The Democrats are floggin a calculator to show the purported disadvantages of Bush's social security privatization plan.

The Detailed Explanation of Calculations and Assumptions" included on the page is detailed, yet doesn't list the actual calculations in any depth.

Patrick Ruffini takes it apart.

Ruffini's critique:

  • Absurdly Inflated “Promised” Benefits. The Reid calculator projects your “promised” Social Security benefit. What they don’t tell you is that it’s a promise that there is absolutely no way we can pay for under the current system. The Reid “calculator” doesn’t acknowledge what happens when your benefits get slashed by around 25% when the trust fund is exhausted – or the effect of phasing in these cuts earlier. Political Calculations explains why Social Security’s real rate of return will continue on its inexorable path down to zero, and then turn negative, a fact that acknowledged by the far more sophisticated calculator you see posted below.
  • Wage Indexation. The Reid calculator simply assumes that the wage indexation of benefits will be done away with by inflation indexing. But that’s just one option on the table. Given the wild leap of faith implicit in this assumption, you would think the Reid calculator would be up-front about the specific dollar effect of turning wage indexing on or off. But they aren’t. I wonder why.
  • Pessimistic Rates of Return. About the only thing the calculator is transparent about is the projected real rate of return on personal retirement accounts – just 3%. But the last time the government examined this question in detail – before the late ‘90s boom – it found the real return on stocks to be 7%. I assume a conservative 4.5% real rate of return on PRAs. By going with 3%, the Reid calculator artificially depresses your PRA-added benefit by 15%, a good chunk of your putative “losses.”
  • Fuzzy Math? Ironman, who devised the calculator, e-mails with another point of interest:
    If someone born in 1975 and someone else born in 2005 have lifetime average annual salaries of $30,000, and the "Promised" Social Security annual benefits are adjusted to 2005 dollars to eliminate the effects of inflation, how come the dollar values of their "promised" benefits are different?
  • 2 + 2 = -17.5! Assume average real wage gains of 2% (the theoretical, best-case rate of return in Social Security -- which will be unsustainable by 2010 based on the program cash-flow) and real rates of return on PRAs of 4.5%. Under Bush’s plan, 37.7% (4 of 10.6 points) of your retirement payroll taxes are set aside for PRAs. What happens when you substitute a 4.5% investment for a 2% investment on the PRA side, and take a 2% investment down to 0% on the remaining 62.3% (to account for wage indexing). Your gains from PRAs outweigh your losses from inflation indexing by about 3 to 2. Even under Reid’s concocted, cherry-picked scenario, his numbers don’t add up.
Ruffini also includes a calculator he ays provides more realistic results, and includes his calculations.

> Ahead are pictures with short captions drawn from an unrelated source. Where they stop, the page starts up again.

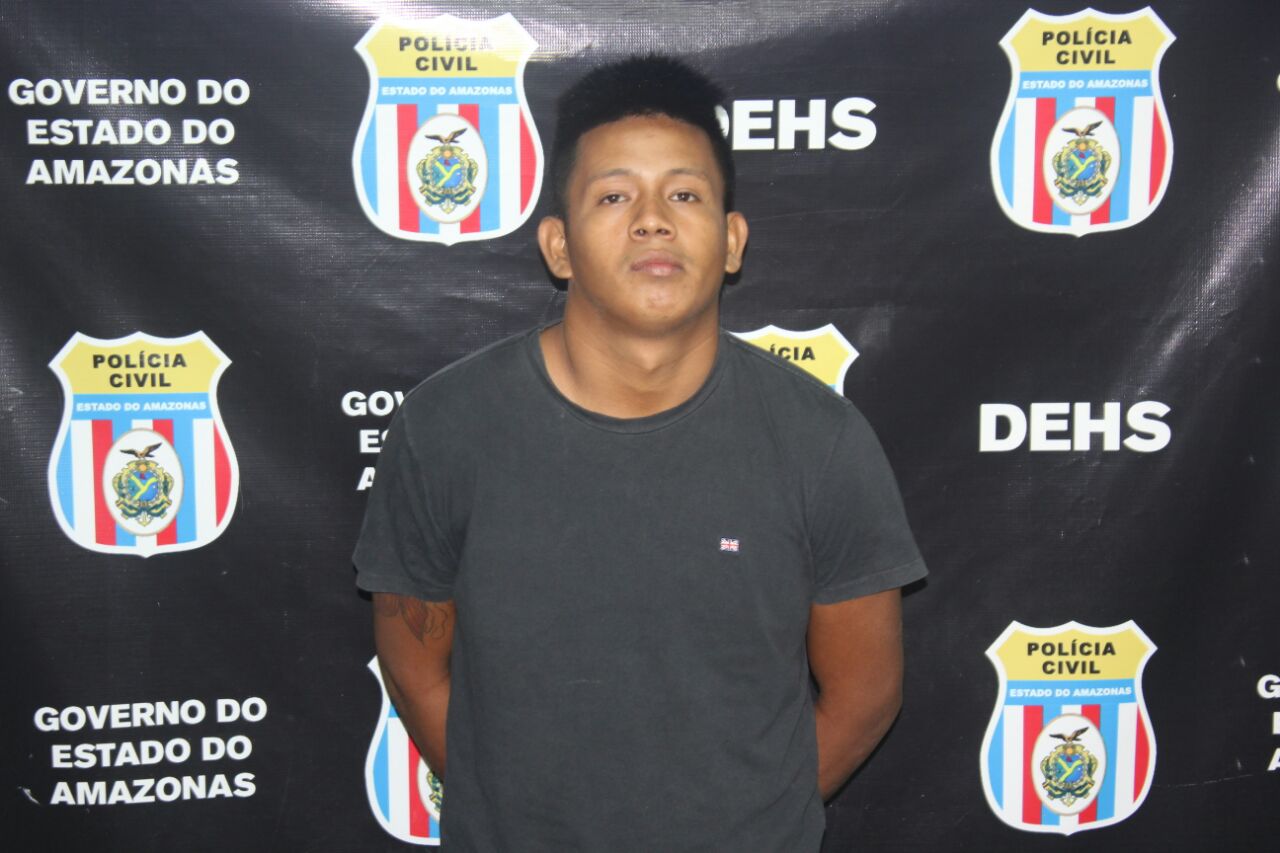 'Neguinho' é preso suspeito de matar duas pessoas na Zona Leste de Manaus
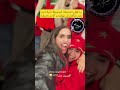 رد فعل الممثلة الجميلة نادية ايت بعد التأهل إلى النهائي مشاهير اكسبلور قفطان كأس إفريقيا المغرب 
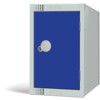 Quarto Locker, Single Door, Blue, 512 x 300 x 450mm thumbnail-0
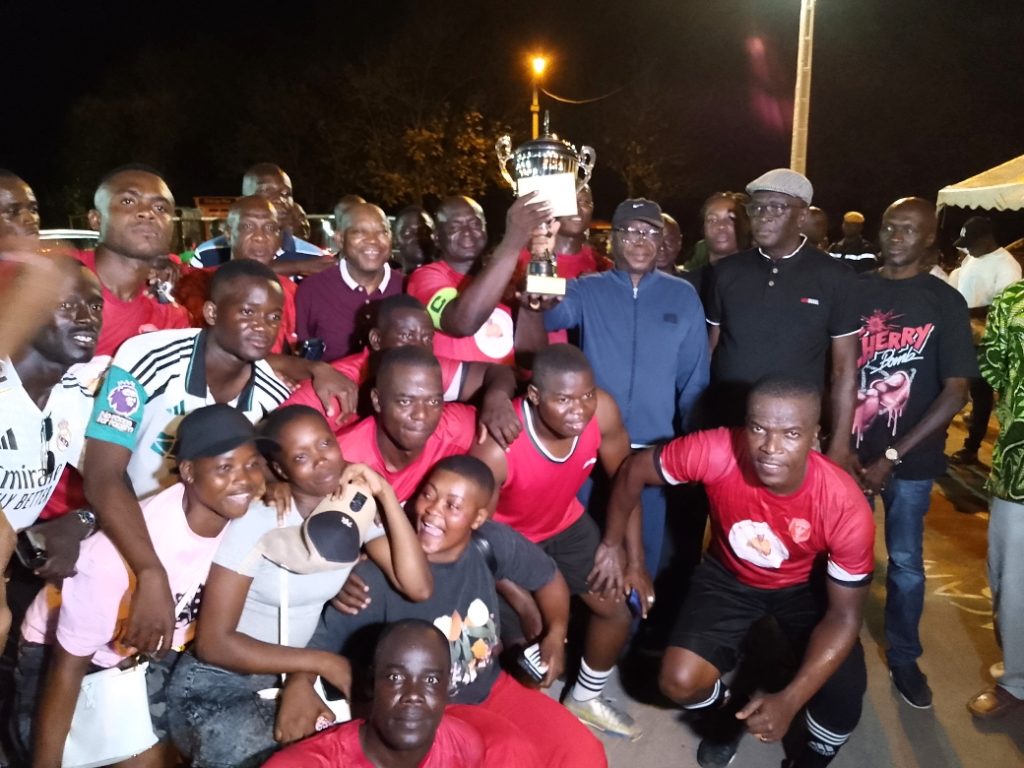 Côte d’Ivoire-AIP/Fête du Travail : la gendarmerie remporte le tournoi interservices de Bouna doté du trophée du maire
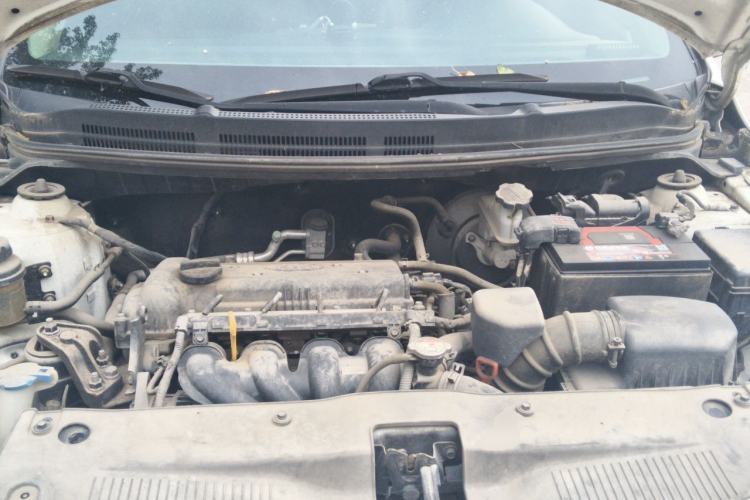 Used Kia K2 2012 Sedan 1.4L Automatic GLS Commemorative Edition Engine Bay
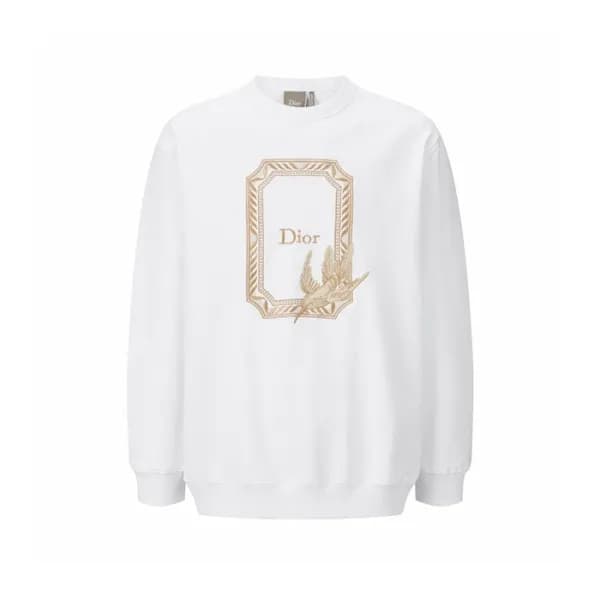 디올 남성 라운드 맨투맨 - Dior Mens Round Sweatshirt - dic16744x - 1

Posted by Mitch at February 18, 2005 07:13 AM | TrackBack
Comments

I liked Kevin Drum's comparison of the Cato and Senate Democrat calculators.

http://www.washingtonmonthly.com/archives/individual/2005_02/005677.php

Posted by: Luke Francl at February 18, 2005 10:25 AM

Yeah, this calculator is dishonest, and so is Cato's. I attempt to summon the energy to care more; I fail.